By Sarah Nolte, CFP® Investment Advisor Representative at World Trend Financial

Sarah NolteA Health Savings Account (HSA) can be a versatile tool to help you address the increasing cost of health care as you prepare for retirement. Contributions to your HSA are tax-deductible and grow tax deferred. Distributions from your HSA are also tax-free if used for qualified medical expenses. Long-term care insurance premiums are included as qualified medical expenses with the maximum annual tax-free amount based on your age. If you and your spouse both have long-term care policies, you can each use money tax-free from your HSA to pay premiums, up to the aged-based maximum for each of you (based on your ages at the end of the year). These limits increase slightly each year for inflation.

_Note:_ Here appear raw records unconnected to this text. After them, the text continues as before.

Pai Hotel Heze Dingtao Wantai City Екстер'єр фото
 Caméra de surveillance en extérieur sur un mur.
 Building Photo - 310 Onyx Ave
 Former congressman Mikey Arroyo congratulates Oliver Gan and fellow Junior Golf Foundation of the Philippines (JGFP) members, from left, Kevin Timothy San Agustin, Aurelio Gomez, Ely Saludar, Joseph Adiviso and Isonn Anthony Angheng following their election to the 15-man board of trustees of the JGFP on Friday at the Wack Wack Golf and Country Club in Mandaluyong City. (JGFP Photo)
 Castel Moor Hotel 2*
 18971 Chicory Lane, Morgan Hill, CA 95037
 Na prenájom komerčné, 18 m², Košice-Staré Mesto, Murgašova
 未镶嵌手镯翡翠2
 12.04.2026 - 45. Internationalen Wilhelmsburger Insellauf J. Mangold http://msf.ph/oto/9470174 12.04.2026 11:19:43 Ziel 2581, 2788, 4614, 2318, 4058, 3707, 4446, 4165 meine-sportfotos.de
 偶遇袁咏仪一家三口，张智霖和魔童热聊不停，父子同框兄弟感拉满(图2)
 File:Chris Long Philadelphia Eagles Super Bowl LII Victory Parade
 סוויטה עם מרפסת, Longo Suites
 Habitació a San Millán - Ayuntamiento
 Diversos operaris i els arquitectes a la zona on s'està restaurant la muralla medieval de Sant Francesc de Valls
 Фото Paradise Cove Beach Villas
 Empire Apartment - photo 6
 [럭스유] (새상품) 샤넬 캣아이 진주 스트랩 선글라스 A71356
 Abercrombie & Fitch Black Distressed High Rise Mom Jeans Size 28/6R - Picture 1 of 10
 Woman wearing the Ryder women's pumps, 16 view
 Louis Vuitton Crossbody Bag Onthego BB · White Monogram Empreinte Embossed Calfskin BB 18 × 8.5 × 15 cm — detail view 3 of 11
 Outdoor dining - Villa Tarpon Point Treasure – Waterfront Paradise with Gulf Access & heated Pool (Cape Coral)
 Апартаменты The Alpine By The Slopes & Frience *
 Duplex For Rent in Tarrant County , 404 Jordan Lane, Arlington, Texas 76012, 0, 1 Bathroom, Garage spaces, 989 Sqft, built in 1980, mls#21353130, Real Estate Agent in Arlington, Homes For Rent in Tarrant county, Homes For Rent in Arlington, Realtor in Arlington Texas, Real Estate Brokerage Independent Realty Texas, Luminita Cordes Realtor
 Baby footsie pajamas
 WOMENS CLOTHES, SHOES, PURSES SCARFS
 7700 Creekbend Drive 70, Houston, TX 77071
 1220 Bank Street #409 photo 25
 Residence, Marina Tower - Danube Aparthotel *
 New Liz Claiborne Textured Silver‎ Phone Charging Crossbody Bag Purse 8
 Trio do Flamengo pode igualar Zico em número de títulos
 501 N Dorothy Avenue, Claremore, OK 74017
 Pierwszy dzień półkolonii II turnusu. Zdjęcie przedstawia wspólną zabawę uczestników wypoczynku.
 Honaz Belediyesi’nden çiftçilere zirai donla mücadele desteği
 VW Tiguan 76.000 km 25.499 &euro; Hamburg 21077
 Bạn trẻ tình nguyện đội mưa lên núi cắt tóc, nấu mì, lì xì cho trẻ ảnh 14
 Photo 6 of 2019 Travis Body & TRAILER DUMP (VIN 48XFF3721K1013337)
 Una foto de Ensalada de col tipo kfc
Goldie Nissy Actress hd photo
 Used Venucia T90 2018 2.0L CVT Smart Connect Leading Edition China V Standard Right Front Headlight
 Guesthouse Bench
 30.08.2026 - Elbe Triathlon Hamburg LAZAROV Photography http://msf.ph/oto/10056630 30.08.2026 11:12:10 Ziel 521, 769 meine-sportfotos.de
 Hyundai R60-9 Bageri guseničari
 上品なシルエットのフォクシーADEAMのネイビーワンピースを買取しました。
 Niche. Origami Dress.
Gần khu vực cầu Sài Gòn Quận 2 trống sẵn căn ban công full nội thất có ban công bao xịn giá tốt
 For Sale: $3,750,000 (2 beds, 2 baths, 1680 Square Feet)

To qualify for the tax-free HSA withdrawal, your long-term care insurance policy must meet the definition of qualified long-term care insurance according to the guidelines set forth by Internal Revenue Code Section 7702B. This means your long-term care policy must be guaranteed renewable, provide inflation protection, may only pay for long-term care expenses, and must not contain any cash value. Traditional stand-alone long-term care insurance policies will generally meet this definition. Hybrid long-term care policies may not be structured properly to afford you with the ability to utilize an HSA withdrawal for long-term care insurance premiums.

You may request a tax-free HSA withdrawal, but only up to the insured's age-based limit. Following are the age-based limits in 2020 for tax-free withdrawal of long-term care insurance premiums from your Health Savings Account. Any premium amounts due for the year above these limits are not considered to be a medical expense.

Ages 40 & under $430

Ages 41-50 $810

Ages 51-60 $1630

Ages 61-70 $4350

Ages 71+ $5430

If you do not have an HSA, or if you do not use your HSA to pay your long-term care insurance expenses, your premiums may still be deductible up to the age-based limits above. To qualify for the medical expense deduction, you must itemize on your taxes which fewer people are currently able to do.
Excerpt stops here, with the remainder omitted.